(Bloomberg) -- In 1997, Paul Fireman, the founder and then-chairman and chief executive officer of Reebok International Ltd., was living with his wife Phyllis in an historic house. “It was a very nice house, but it was old and I wanted it renovated,” Fireman says.

After hearing from architects that his plans would basically involve a gut renovation, “I said, I’m not going to destroy this house. I’ll look for another piece of property.”

Fireman paid about $4 million for a 12-acre plot a mile and a half away, in the Boston suburb of Brookline, Mass., and later added two acres for a further $2 million when an adjacent parcel went up for sale. He hired the architecture firm Shope Reno Wharton to design a new home. “It started when I was just looking for a family room, and one thing led to another,” Fireman says. “I just got carried away a little bit.”

That is, perhaps, an understatement. The final product is a 26,623-square-foot limestone mansion with eight bedrooms, seven baths, and five half-baths. “It’s a little large for me right now,” Fireman says. “But 20 years ago it was OK.”

Now, in an effort to downsize, he’s putting the property on the market. The house and a 7.3-acre plot of land are listed with the Sarkis Team at Douglas Elliman for $38 million; an additional seven acres are listed separately for $17 million, meaning that, if someone wants to buy Fireman’s property as is, it will cost $55 million.
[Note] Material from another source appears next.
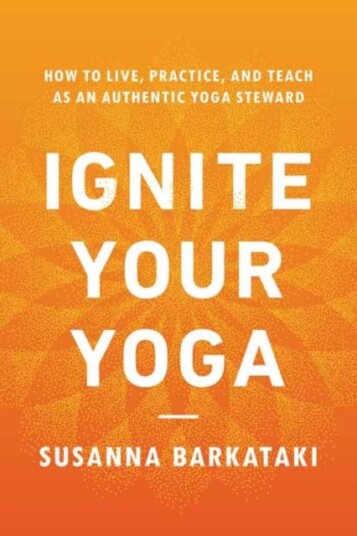 Ignite Your Yoga  How to Live, Practice, and Teach as an Authentic Yoga Steward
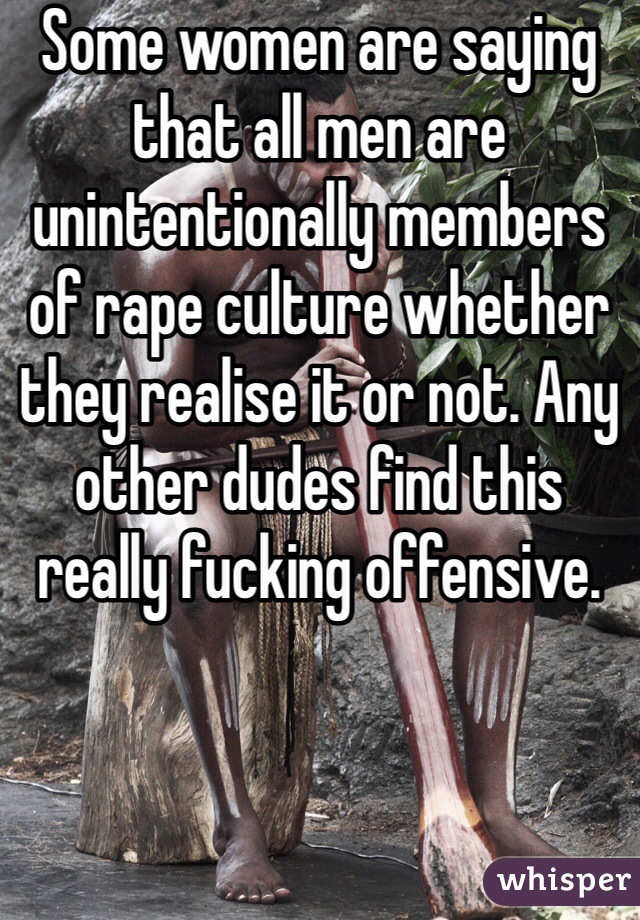 Some women are saying that all men are unintentionally members of rape culture whether they realise it or not. Any other dudes find this really fucking offensive.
That might sound like a lot, but it’s about what Fireman says he put into the property. In total, he spent “between $40 million and $50 million,” he explains. “To be honest, I didn’t have a budget; I just built it,” he continues. “I know it’s a shameful thing. But meanwhile, what’s left is a beautiful home.”

Built to the Extreme

“The most incredible thing,” Fireman says, “is that it took only 19 months to build.” 
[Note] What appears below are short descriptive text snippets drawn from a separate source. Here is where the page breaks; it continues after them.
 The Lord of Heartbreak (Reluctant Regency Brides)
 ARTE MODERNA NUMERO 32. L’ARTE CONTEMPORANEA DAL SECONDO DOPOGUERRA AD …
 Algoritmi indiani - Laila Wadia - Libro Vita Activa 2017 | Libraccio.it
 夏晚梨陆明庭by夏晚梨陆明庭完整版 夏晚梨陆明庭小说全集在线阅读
Every room has ceiling heights of at least 11 feet; the floors, walls, and ceilings have from three to five inches of plywood, in order to make the home “as soundproof as you’ve ever heard.” His contractors, Fireman says, “built it to the extreme.”

The main entry, which spans the depth of the house, has a massive foyer with a curved staircase leading to upstairs bedrooms, a gym, and a massage room. The ground floor contains a formal dining room, library, living room, billiards room, and an office. Each floor can also be accessed via an elevator.

The finishes, Fireman says, are particularly notable. “We have a lot of marble and a lot of limestone”  shipped from a quarry in Indiana. “Every block came numbered.”

The wood paneling in the library is black walnut. “We had a guy from France come in for a couple of months,” Fireman explains. “He and his assistant had to polish the ceiling and walls and floors by hand. The whole room is just like a piece of furniture.”

Perfect for Art

The house was formally completed in 1999, and Fireman, his wife, and their decorator set about filling it with furniture and decorations. 

“We had a very good time; we’d travel the world looking for antiques,” he says. “It wasn’t quick and dirty, it was a long process.” Along with decoration, Fireman says the house was perfect for his art collection. “There’s a lot of impressionist work, some contemporary, and some modern,” he says. (Should a prospective buyer want the furniture, that would be a separate conversation.)

In one photo in the house’s listing, a Modigliani painting hangs above a fireplace. Photos of the house’s interior on the architect’s website display paintings by Marc Chagall, Pablo Picasso, Fernand Léger, and Mark Rothko, along with sculptures by Nikki de Saint Phalle and others.

Last Lap

Fireman decided to sell, he says, “because we got older. Twenty years will do it to you—we’re in the last lap, so to speak.” His children are all married and no longer live in the house, and so “we ended up buying another house, taking it down, and building something quieter and smaller and yet, still very nice.”

His house, Fireman says, will appeal to anyone who likes “the privacy, and the exclusiveness” of the land. “I’d also assume they’ll be pretty wealthy,” he says.

The entire property is “beautiful and glamorous, and if I was 40, I’d stay in it, but I’m 75,” Fireman continues. “The house will be here 500 years from now.”